▶ **REQUIREMENT**
Reproduce, from the lines below, exactly the stretch that begins at the line containing "Quais são as" and ends at the line containing "The Lyrical Dramas", both included.

▶ **EXERCISE INPUT**
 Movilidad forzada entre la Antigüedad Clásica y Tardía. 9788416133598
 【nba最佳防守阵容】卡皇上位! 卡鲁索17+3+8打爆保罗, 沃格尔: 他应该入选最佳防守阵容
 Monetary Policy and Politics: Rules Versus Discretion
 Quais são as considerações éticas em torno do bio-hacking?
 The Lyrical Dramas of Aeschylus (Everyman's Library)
---
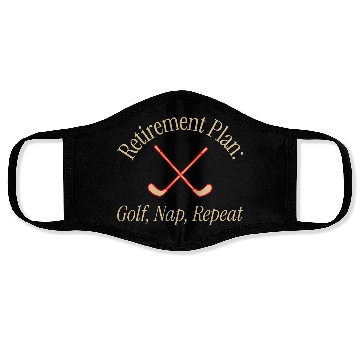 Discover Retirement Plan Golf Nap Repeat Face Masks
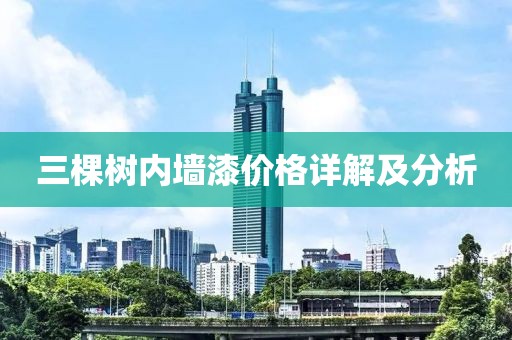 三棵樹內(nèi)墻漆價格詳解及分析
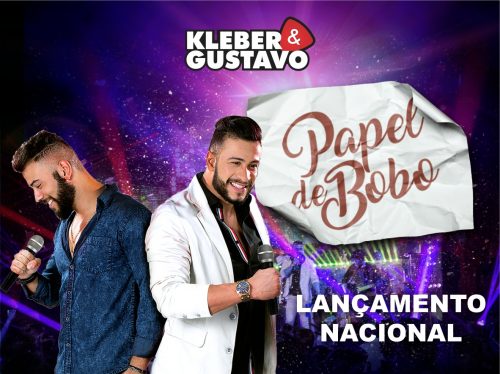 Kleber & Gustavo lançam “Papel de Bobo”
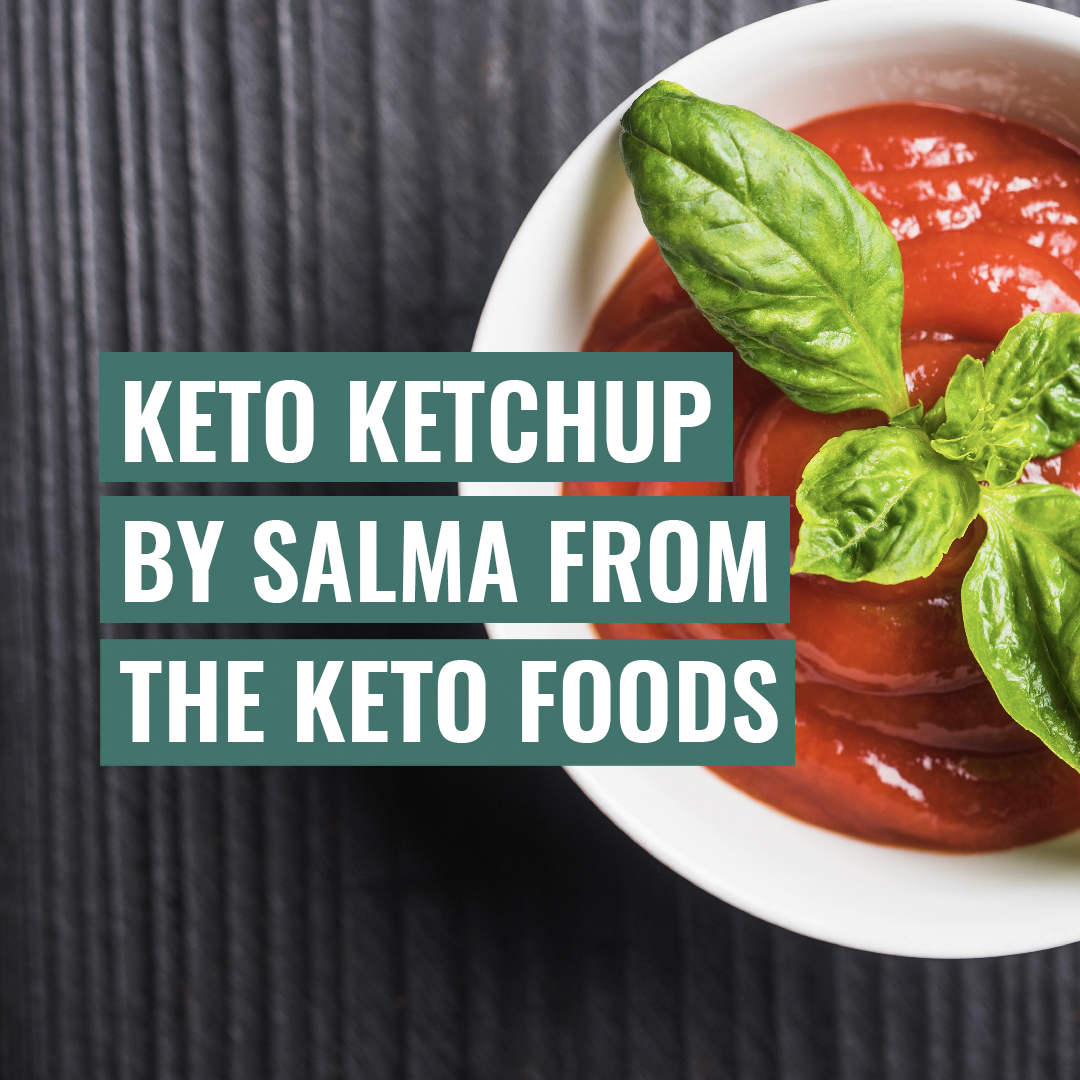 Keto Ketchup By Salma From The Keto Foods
--
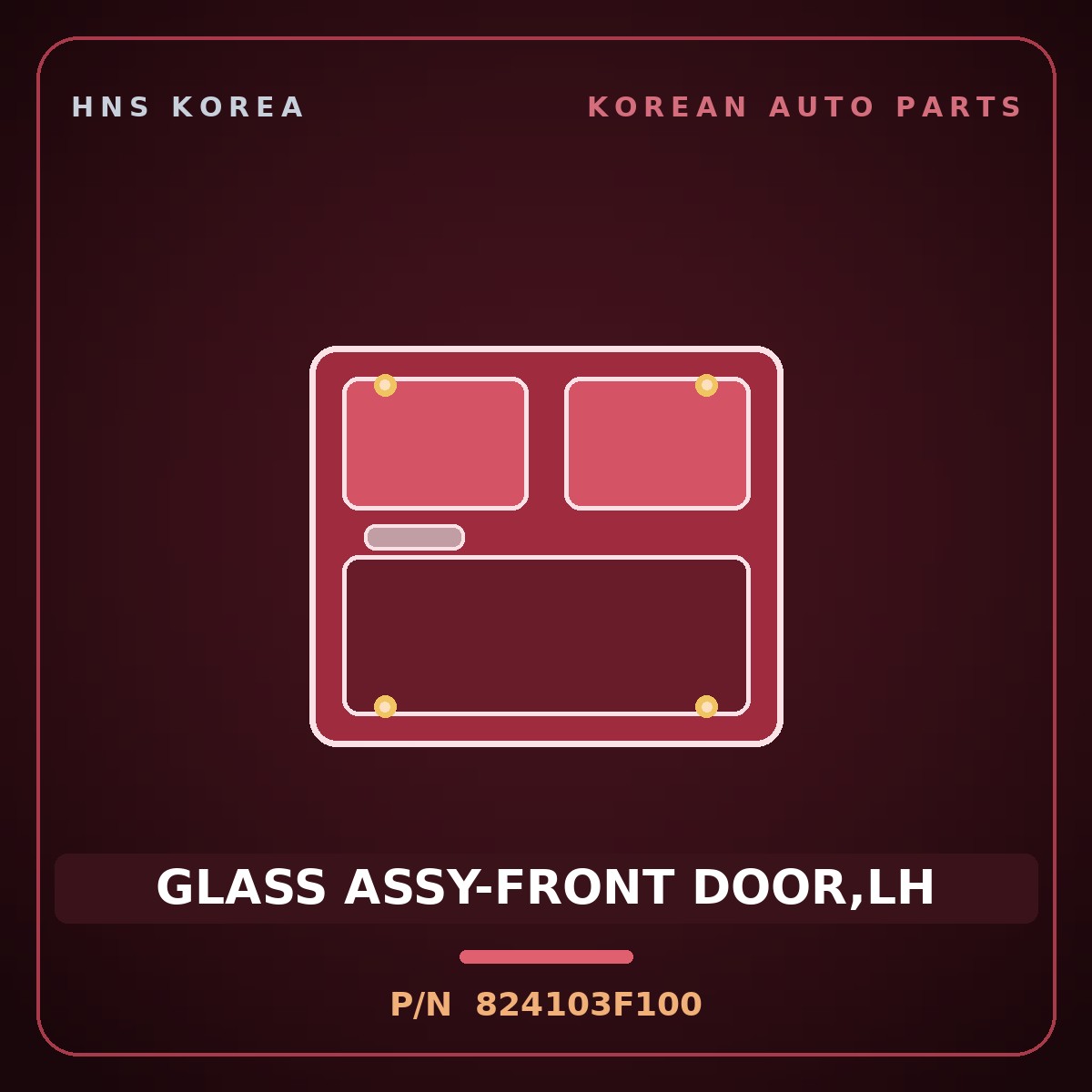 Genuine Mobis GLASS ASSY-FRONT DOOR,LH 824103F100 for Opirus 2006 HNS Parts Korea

▶ **RESPONSE**
 Quais são as considerações éticas em torno do bio-hacking?
 The Lyrical Dramas of Aeschylus (Everyman's Library)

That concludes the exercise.